By Julien Toyer
MADRID (Reuters) - French telecom group Orange (PA:ORAN) said on Friday it would take Spanish rival Jazztel (MC:JAZ) private after its $3.8 billion takeover was overwhelmingly backed by Jazztel shareholders.
Shares in Jazztel will stop trading after Aug. 13, Orange said. It has said that it plans to merge its Spanish unit and Jazztel and then list part of the merged company on the Madrid stock exchange.
With the purchase Orange will expand its presence in Spain several times over to reach 10 million households with its fiber optic network by 2016.
It said 95 percent of Jazztel shareholders had supported its offer of 13 euros per share, which was a 34 percent premium to Jazztel's average share price in the month before Orange made the offer last September.

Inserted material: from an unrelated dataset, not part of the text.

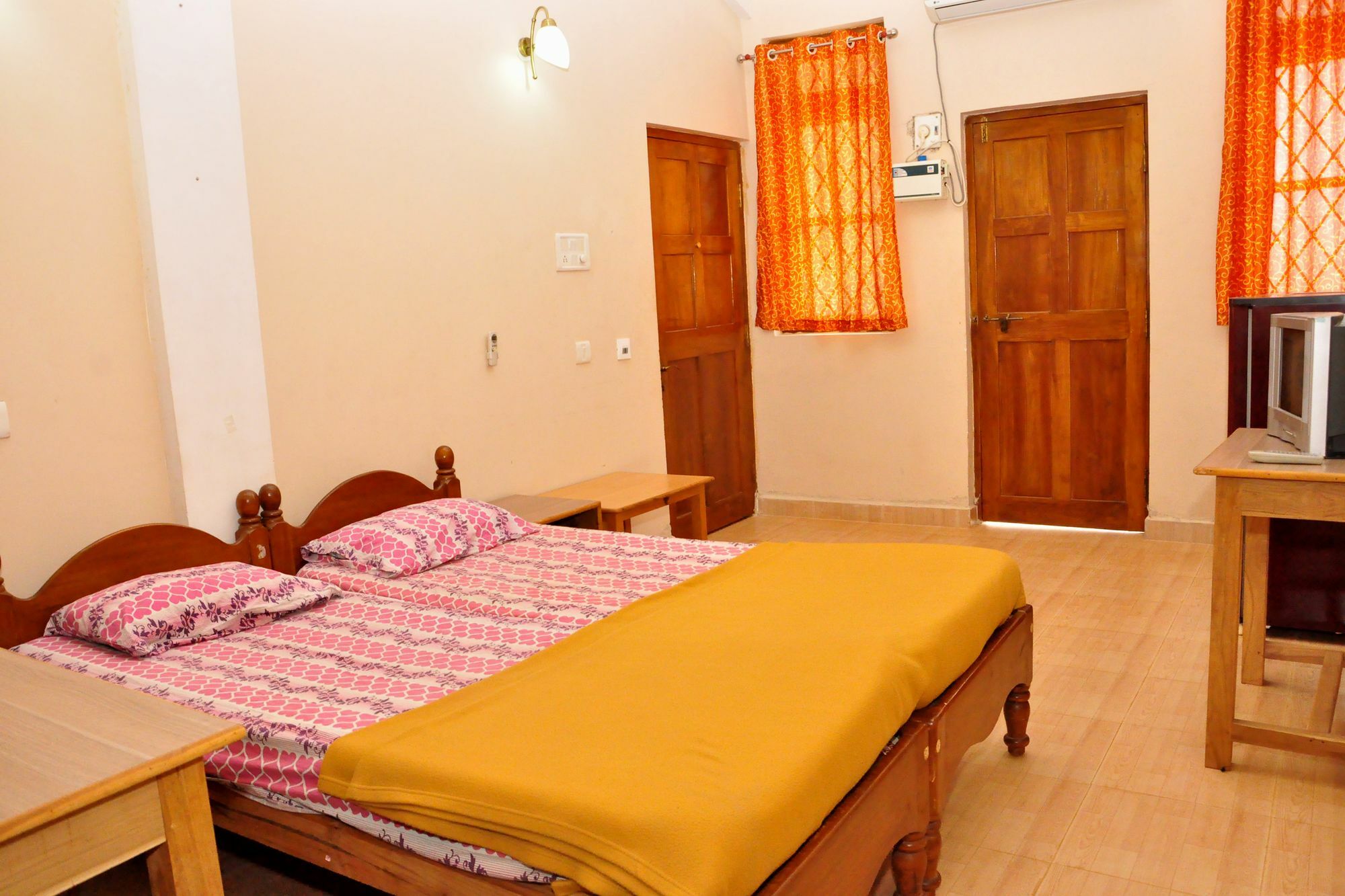Anjuna Blue Resort Экстерьер фото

The remaining 5 percent will now be forced to support the deal under a separate compulsory offer to be launched by Orange at the same price.
The French company hopes the deal will help it better compete with Vodafone (L:VOD) in the Spanish market after Vodafone acquired cable operator Ono last year.
Acquisitions are picking up pace in the European telecoms sector as operators seek to cut costs and increase market share at the same time, but EU Competition Commissioner Margrethe Vestager warned this month that mergers could result in higher bills for consumers and less innovative companies.